Both Pete and the narrator in Sonny's Blues are also ambitious, as compared to their younger brothers. The narrator, an African American, coming from a poor neighborhood of Harlem, has managed to make it as a teacher. The story is during a time in the history of America where blacks went through a lot of discrimination and segregation. The heroin epidemic also happened during this time (Cicero, e al. 823). Therefore, for him to avoid heroin, the greatest epidemic at the time, complete school, and become a teacher shows true ambition.
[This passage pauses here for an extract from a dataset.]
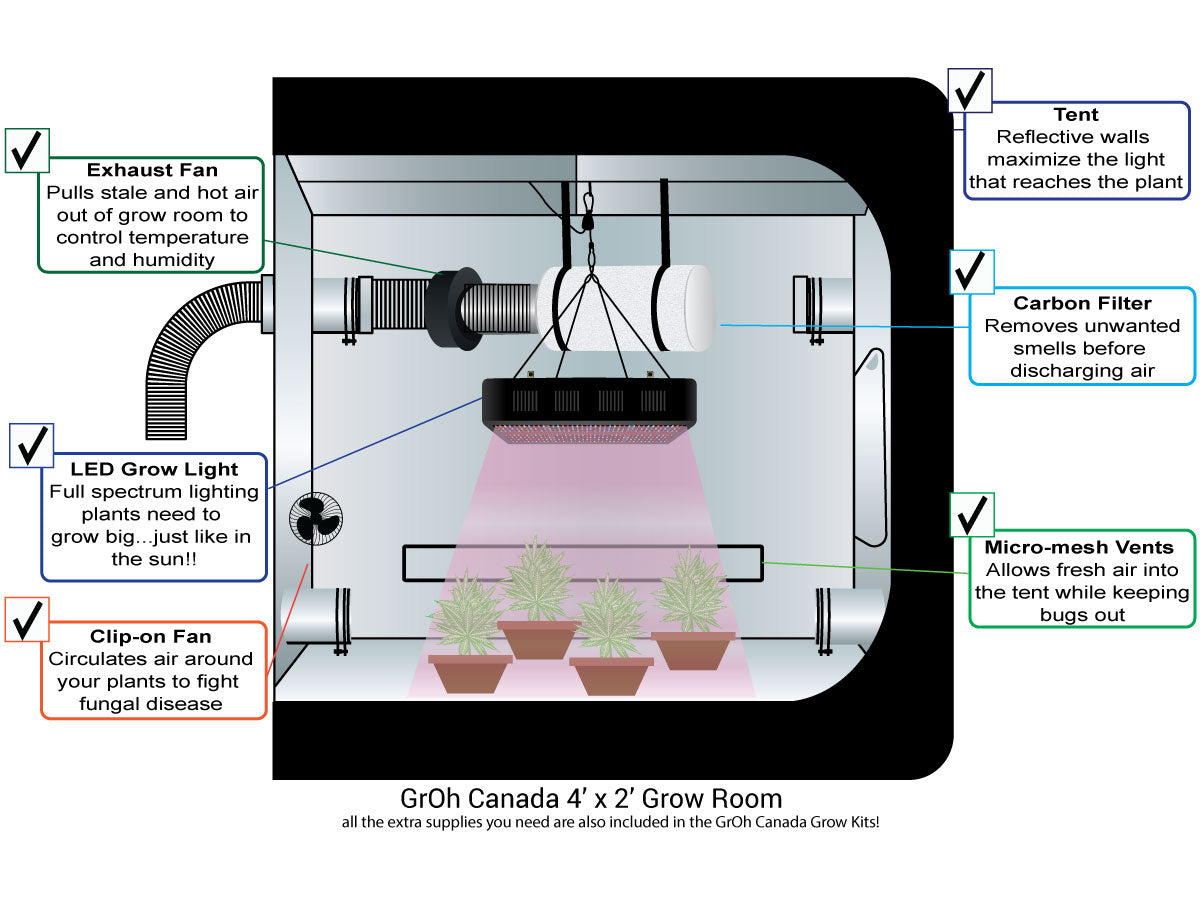 Ideal Grow Room Setup for Indoor Growing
Pete, on the other hand, is a successful executive, with interest in real estate. According to the narrator, together with his wife, they own a century 21franchise in Santa Cruz. He drives a Mercedes Benz, owns a sailboat, and a beautiful house by the sea, and friends in high places (Wolf 88). All these wealth shows just how ambitious Pete is.

Moral Judgment and Wealth

While the narrator in Sonny's Blues is successful, he is not controlled by wealth, like Pete. He portrays himself as someone modest enough to have a conversation with a heroin addict like Sonny's friend he meets at the school's courtyard. Pete, on the other hand, is possessed with the idea of making money. Money has taken control of his soul, as he can no longer make sound moral judgments. For one, he is overworked and irritated when Donald spills soda on the seat of his new Mercedes-Benz (Wolf 90). He eventually leaves his brother along the road when he realizes that Donald gave some money away to a stranger. Again, his moral judgment is not out of good will, which should be the benchmark of any action, no matter the consequences. As Mill puts it, to judge goodwill, we must rely on consequences and results of our actions (Misselbrook 211). Success overcomes him to the extent that he now considers helping his brother a responsibility and not goodwill.


Both the narrator and Pete are successful men who have beat odds to achieve their dreams. On their hand, their brothers, who are going through rough patches in their lives, present them with the different challenges. While both of them seem to care about their brothers' plights, the narrator in Sonny's Blues seems to be genuinely concerned. He is not judgmental of his brother and tries to help him the best way he can. Pete, on the other hand, is possessed with the idea of wealth to the extent that he abandons his brother over money.

Works Cited

Baldwin, James. "Sonny's Blues." The Jazz Fiction Anthropology. Ed. Feinstein, Sascha, &

Rife, David. Bloomington: Indiana UP, 2009. 17-48

Cicero, Theodore J., et al. "The changing face of heroin use in the United States: a retrospective

analysis of the past 50 years." JAMA Psychiatry, vol. 71, no. 7, 2014, pp. 821-826.

Misselbrook, David. "Duty, Kant, and Deontology." British Journal of General Practice, vol.

63, no. 609, 2013, pp. 211-211.

Wolff, Tobias. "The Rich Brother." An Introduction to Fiction, Poetry, and Drama. Ed.

Kennedy, Joseph, & Gioia, Dana. New York: Longman Publishers, 2007. 87-99.